[[ EXERCISE INPUTS open ]]

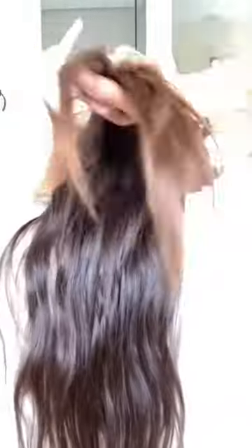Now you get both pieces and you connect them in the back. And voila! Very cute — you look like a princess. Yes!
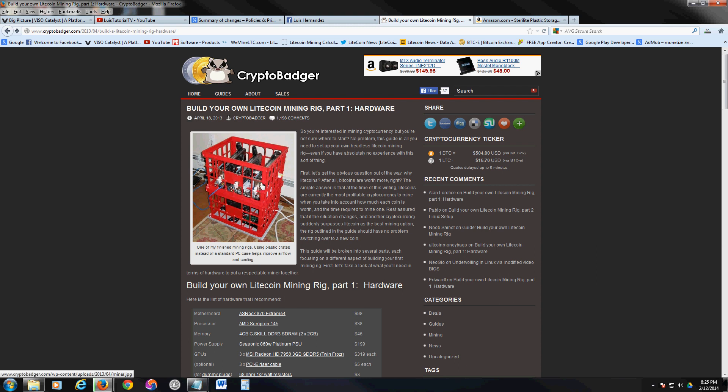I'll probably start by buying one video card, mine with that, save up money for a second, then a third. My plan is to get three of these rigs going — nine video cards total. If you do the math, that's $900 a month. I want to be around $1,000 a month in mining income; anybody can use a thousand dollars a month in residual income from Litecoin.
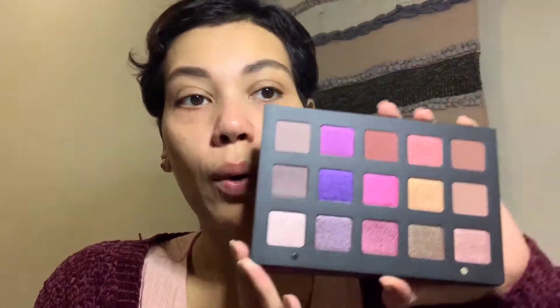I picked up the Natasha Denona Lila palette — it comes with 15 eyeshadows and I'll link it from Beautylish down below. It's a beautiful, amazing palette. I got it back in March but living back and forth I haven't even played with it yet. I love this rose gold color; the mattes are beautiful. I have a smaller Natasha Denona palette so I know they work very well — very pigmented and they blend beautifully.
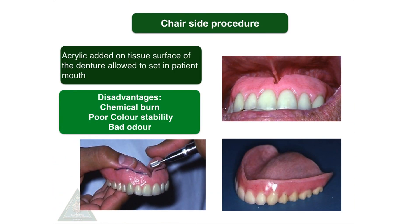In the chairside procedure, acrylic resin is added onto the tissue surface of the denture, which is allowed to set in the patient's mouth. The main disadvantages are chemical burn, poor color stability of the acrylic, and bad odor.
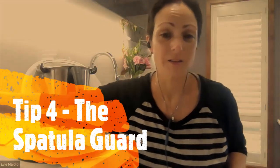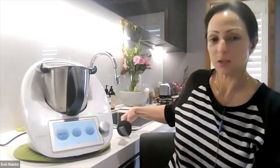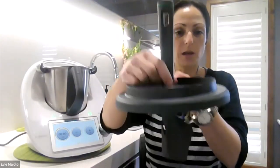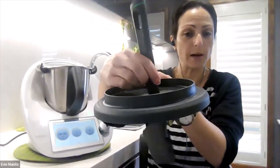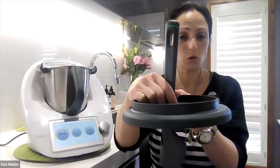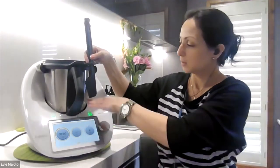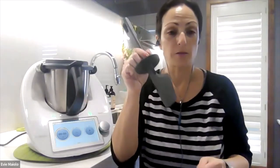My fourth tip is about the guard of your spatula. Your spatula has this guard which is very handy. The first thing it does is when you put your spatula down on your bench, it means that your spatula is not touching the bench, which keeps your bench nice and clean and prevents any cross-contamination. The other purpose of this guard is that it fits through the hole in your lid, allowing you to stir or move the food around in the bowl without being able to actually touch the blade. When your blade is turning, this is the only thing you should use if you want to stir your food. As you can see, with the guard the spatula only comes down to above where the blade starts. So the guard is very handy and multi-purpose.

[[ EXERCISE INPUTS closed ]]
[[ EXERCISE INPUTS open ]]

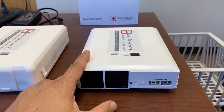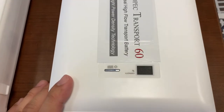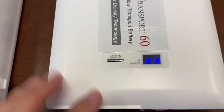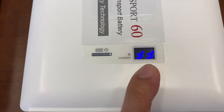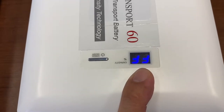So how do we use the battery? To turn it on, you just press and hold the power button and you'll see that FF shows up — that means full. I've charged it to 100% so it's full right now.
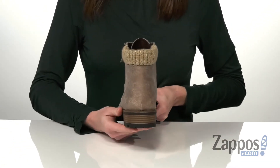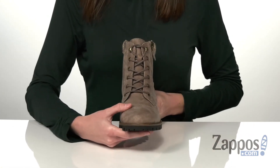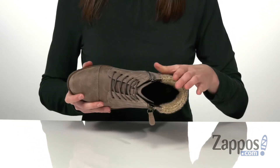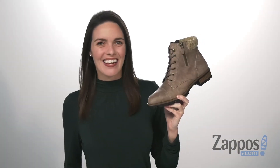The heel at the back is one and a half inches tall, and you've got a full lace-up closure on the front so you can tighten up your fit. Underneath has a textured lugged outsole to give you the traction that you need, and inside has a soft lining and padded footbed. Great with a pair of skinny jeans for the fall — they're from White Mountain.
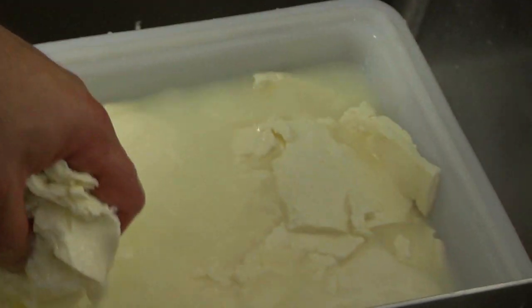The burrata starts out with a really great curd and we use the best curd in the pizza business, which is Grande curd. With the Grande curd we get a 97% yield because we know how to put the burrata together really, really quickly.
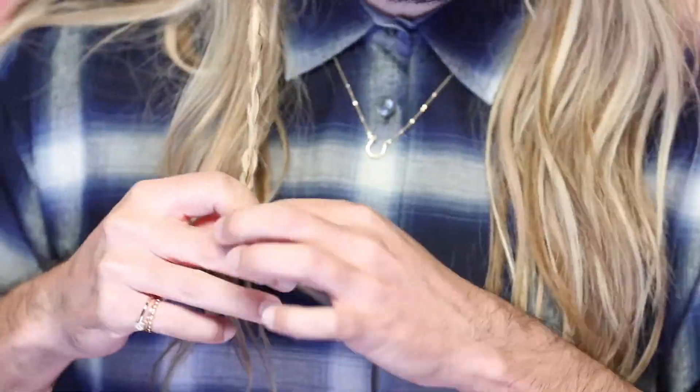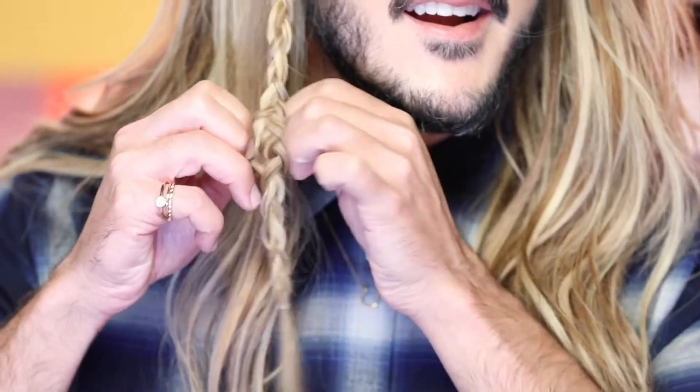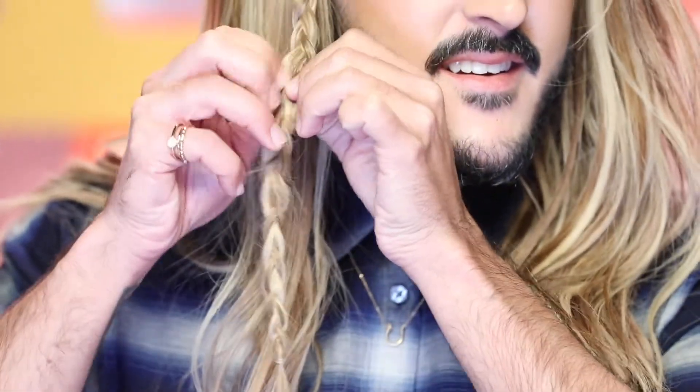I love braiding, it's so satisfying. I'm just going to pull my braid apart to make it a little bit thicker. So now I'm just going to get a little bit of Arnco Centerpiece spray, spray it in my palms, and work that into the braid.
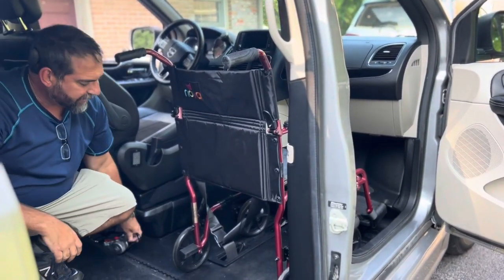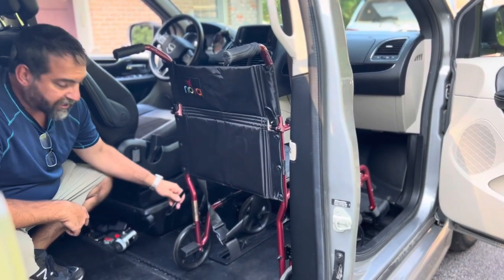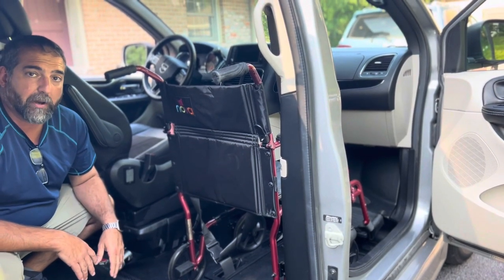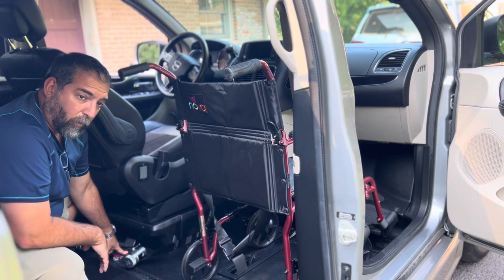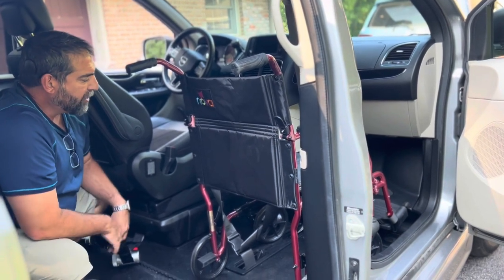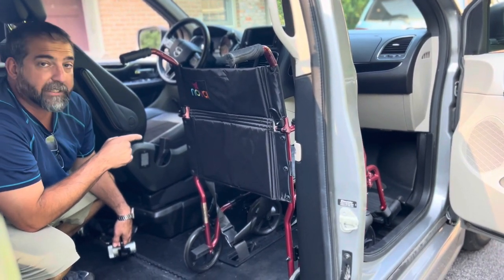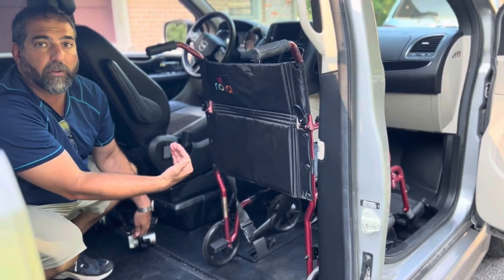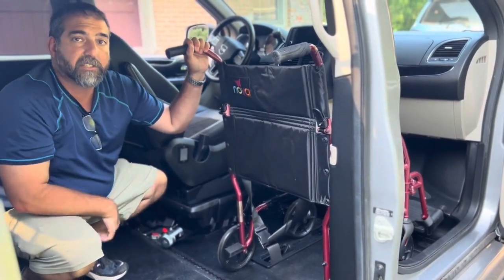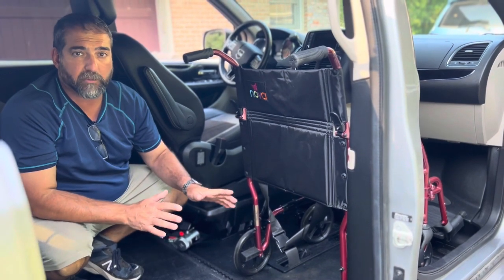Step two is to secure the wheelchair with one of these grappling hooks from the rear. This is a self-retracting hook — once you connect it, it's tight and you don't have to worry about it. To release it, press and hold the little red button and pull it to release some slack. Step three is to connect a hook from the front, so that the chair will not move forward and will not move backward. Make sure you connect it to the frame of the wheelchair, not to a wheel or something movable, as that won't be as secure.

[[ EXERCISE INPUTS closed ]]

◆ WHAT NEEDS TO BE DONE
I'd like the lines above repeated exactly, from the one that contains "Now you get" through the one that contains "In the chairside", with no pictures.

◆ RESPONSE TO THE EXERCISE
Now you get both pieces and you connect them in the back. And voila! Very cute — you look like a princess. Yes!
I'll probably start by buying one video card, mine with that, save up money for a second, then a third. My plan is to get three of these rigs going — nine video cards total. If you do the math, that's $900 a month. I want to be around $1,000 a month in mining income; anybody can use a thousand dollars a month in residual income from Litecoin.
I picked up the Natasha Denona Lila palette — it comes with 15 eyeshadows and I'll link it from Beautylish down below. It's a beautiful, amazing palette. I got it back in March but living back and forth I haven't even played with it yet. I love this rose gold color; the mattes are beautiful. I have a smaller Natasha Denona palette so I know they work very well — very pigmented and they blend beautifully.
In the chairside procedure, acrylic resin is added onto the tissue surface of the denture, which is allowed to set in the patient's mouth. The main disadvantages are chemical burn, poor color stability of the acrylic, and bad odor.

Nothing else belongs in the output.